Flagstaff to Tusayan, mile 588.7-692.4

Baloo dropped us off where he picked us up in Flagstaff. We walked one block and ducked into a Taco Bell for a pee, then breakfast burritos, then iced coffees. We were back on the trail/sidewalk soon, though, and a few miles later the city was a distant memory. We walked through pleasant wooded trails, passing joggers and mountain bikers, until the Flagstaff Urban Trail joined the main Arizona Trail and we were alone again. The sky, so sunny earlier this morning, clouded over. The temps dropped as we climbed up to 9000 ft. We stopped for water in the early evening and became so cold we decided to look for a campsite and hunker down. Another mile and a half down the trail, we set up our tent, crawled into our sleeping bags, and wondered how much it would snow.

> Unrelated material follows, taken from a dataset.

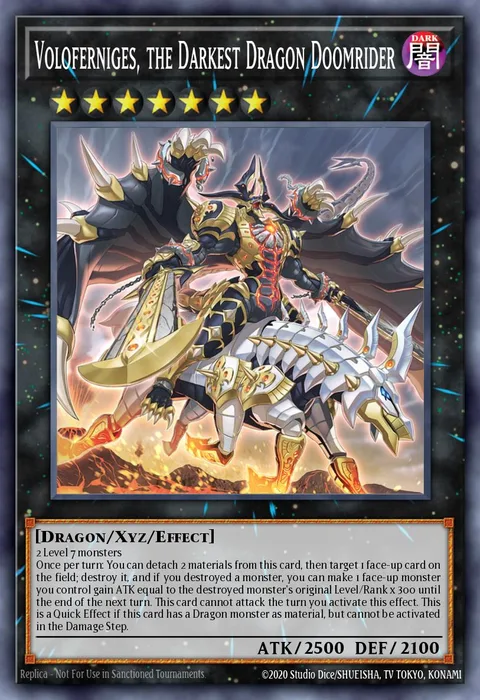 Voloferniges, the Darkest Dragon Doomrider trading card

We woke up to below freezing temps and a thin layer of white, which melted quickly in the morning sun. As we started hiking, we realized we accidentally camped at the highest elevation possible. The trail wound gradually downhill for miles. By noon we looked back and saw snowy Mt Humpheries far in the distance.

Leaving the San Francisco peaks, the trail became flatter and drier. Suddenly it was hot and sunny and we had nothing but dirt road yawning before us. This was Babbitt Ranch, land of 30-mile water carries.

We tanked up at a funky stock tank with water that looked neon yellow. At a trailhead water cache, we found two liters of public water that tasted like they’ve been there for a year. Our next water source was 20 miles away.

We walked along the dirt road for an hour after sunset, enjoying the cool temps. There was a long straight section and then some hills with short trees, a little privacy from the pickups driving by in the morning, so we ducked over and cowboy camped. We’d hiked 29.2 miles, late start and all.

The next day was more of the same: flat, dry, and cruisey. We pulled a 30. I noticed and appreciated all the different parts of my body: fat that fuels me, muscles that propel me, tendons and ligaments that support me and keep me upright. I noticed a small blister next to my big toe, how tight my shoulder is, how rigid my back muscles have become. I felt very happy.

We hiked until dark, slept soundly, and in the morning caught our first glimpse of the Grand Canyon.